Equity Capital Investments means investments in the form of common or preferred stock, limited partnership interests, options, warrants, or similar equity instruments, including subordinated debt with equity features if such debt provides only for interest payments contingent upon and limited to the extent of earnings. Equity Capital Investments must not require amortization. Equity Capital Investments may be guaranteed by one or more third parties; however, neither Equity Capital Investments nor such guarantee may be collateralized or otherwise secured. Investments classified as Debt Securities are not precluded from qualifying as Equity Capital Investments. Equity Capital Investments may provide for royalty payments only if the royalty payments are based on the earnings of the concern.

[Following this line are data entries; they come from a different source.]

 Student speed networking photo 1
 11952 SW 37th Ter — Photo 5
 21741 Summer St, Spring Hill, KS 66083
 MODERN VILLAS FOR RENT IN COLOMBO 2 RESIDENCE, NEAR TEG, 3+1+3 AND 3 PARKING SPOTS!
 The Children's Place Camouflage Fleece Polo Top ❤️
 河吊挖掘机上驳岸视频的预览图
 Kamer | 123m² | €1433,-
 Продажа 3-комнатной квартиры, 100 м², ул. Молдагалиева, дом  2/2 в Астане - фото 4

Equity Securities means stock of any class in a corporation, stock options, warrants, limited partnership interests in a limited partnership, membership interests in a limited liability company, or joint venture interests.
Financing or Financed means outstanding financial assistance provided to a Small Business by a NMVC Company, whether through:
(1) Loans;
(2) Debt Securities;
(3) Equity Securities;
(4) Guarantees; or
(5) Purchases of securities of a Small Business through or from an underwriter (see § 108.825).
Guaranty Agreement means the contract entered into by SBA which is a guarantee backed by the full faith and credit of the United States Government as to timely payment of principal and interest on Debentures and SBA’s rights in connection with such guarantee.
Includible Non-Cash Gains means those non-cash gains (as reported on SBA Form 468) that are realized in the form of Publicly Traded and Marketable securities or investment grade debt instruments. For purposes of this definition, investment grade debt instruments means those instruments that are rated “BBB” or “Baa”, or better, by Standard & Poor’s Corporation or Moody’s Investors Service, respectively. Non-rated debt may be considered to be investment grade if a NMVC Company obtains a written opinion from an investment banking firm acceptable to SBA stating that the non-rated debt instrument is equivalent in risk to the issuer’s investment grade debt.
Institutional Investor means:
(1) Entities. Any of the following entities if the entity has a net worth (exclusive of unfunded commitments from investors) of at least $1 million, or such higher amount as is specified in this paragraph (1). (See also § 108.230(c)(4) for limitations on the amount of an Institutional Investor’s commitment that may be included in Private Capital.)
(i) A State or National bank, trust company, savings bank, or savings and loan association.
(ii) An insurance company.
(iii) A 1940 Act Investment Company or Business Development Company (each as defined in the Investment Company Act of 1940, as amended (15 U.S.C. 8a-1 et seq.).
(iv) A holding company of any entity described in paragraph (l)(i), (ii) or (iii) of this definition.
(v) An employee benefit or pension plan established for the benefit of employees of the Federal government, any State or political subdivision of a State, or any agency or instrumentality of such government unit.
(vi) An employee benefit or pension plan (as defined in the Employee Retirement Income Security Act of 1974, as amended (Public Law 93-406, 88 Stat. 829), excluding plans established under section 401(k) of the Internal Revenue Code of 1986 (26 U.S.C. 401(k)), as amended).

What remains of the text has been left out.